Simple perceptron neural network.

fit(X, y)[source]: Train the perceptron with the configured optimizer and loss, returning self.

predict(example)[source]: Forward-pass example and return the index of the maximum output unit.

deep_learning4e.keras_dataset_loader(dataset, max_length=500)[source]: Helper function to load keras datasets. :param dataset: keras data set type :param max_length: max length of each input sequence

deep_learning4e.SimpleRNNLearner(train_data, val_data, epochs=2, verbose=False)[source]

RNN example for text sentimental analysis.

Parameters:

train_data – a tuple of (training data, targets) Training data: ndarray taking training examples, while each example is coded by embedding Targets: ndarray taking targets of each example. Each target is mapped to an integer
val_data – a tuple of (validation data, targets)
epochs – number of epochs
verbose – verbosity mode

Returns:

a keras model

deep_learning4e.AutoencoderLearner(inputs, encoding_size, epochs=200, verbose=False)[source]: Simple example of linear auto encoder learning producing the input itself. :param inputs: a batch of input data in np.ndarray type :param encoding_size: int, the size of encoding layer :param epochs: number of epochs :param verbose: verbosity mode :return: a keras model

Reinforcement Learning (Chapter 21)

class reinforcement_learning.PassiveDUEAgent(pi, mdp)[source]

Bases: object

Passive (non-learning) agent that uses direct utility estimation on a given MDP and policy:

import sys
from mdp import sequential_decision_environment
north = (0, 1)
south = (0,-1)
west = (-1, 0)
east = (1, 0)
policy = {(0, 2): east, (1, 2): east, (2, 2): east, (3, 2): None, (0, 1): north, (2, 1): north,
          (3, 1): None, (0, 0): north, (1, 0): west, (2, 0): west, (3, 0): west,}
agent = PassiveDUEAgent(policy, sequential_decision_environment)
for i in range(200):
    run_single_trial(agent,sequential_decision_environment)
    agent.estimate_U()
agent.U[(0, 0)] > 0.2
True

estimate_U()[source]: Update utility estimates from the most recent completed trial by direct utility estimation: average the observed reward-to-go for each visited state, blend it with the running estimate, and reset the trial history. Must be called only once the MDP has reached a terminal state.

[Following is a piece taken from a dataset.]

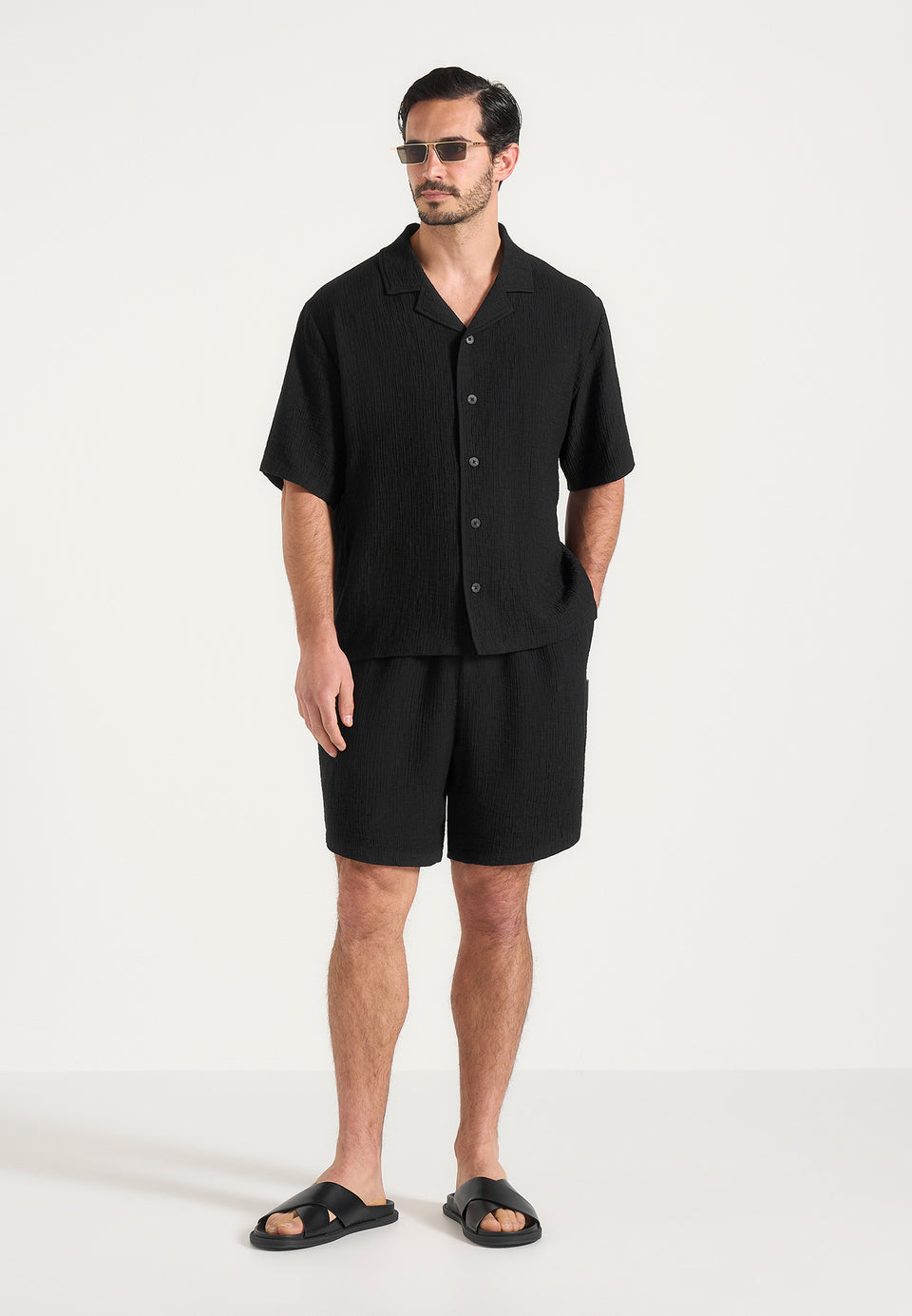 ari-unisex-textured-shorts-black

update_state(percept)[source]: To be overridden in most cases. The default case assumes the percept to be of type (state, reward)

class reinforcement_learning.PassiveADPAgent(pi, mdp)[source]

Bases: object

[Figure 21.2] Passive (non-learning) agent that uses adaptive dynamic programming on a given MDP and policy:

import sys
from mdp import sequential_decision_environment
north = (0, 1)
south = (0,-1)
west = (-1, 0)
east = (1, 0)
policy = {(0, 2): east, (1, 2): east, (2, 2): east, (3, 2): None, (0, 1): north, (2, 1): north,
          (3, 1): None, (0, 0): north, (1, 0): west, (2, 0): west, (3, 0): west,}
agent = PassiveADPAgent(policy, sequential_decision_environment)
for i in range(100):
    run_single_trial(agent,sequential_decision_environment)

agent.U[(0, 0)] > 0.2
True
agent.U[(0, 1)] > 0.2
True

class ModelMDP(init, actlist, terminals, gamma, states)[source]

Bases: MDP

Class for implementing modified Version of input MDP with an editable transition model P and a custom function T.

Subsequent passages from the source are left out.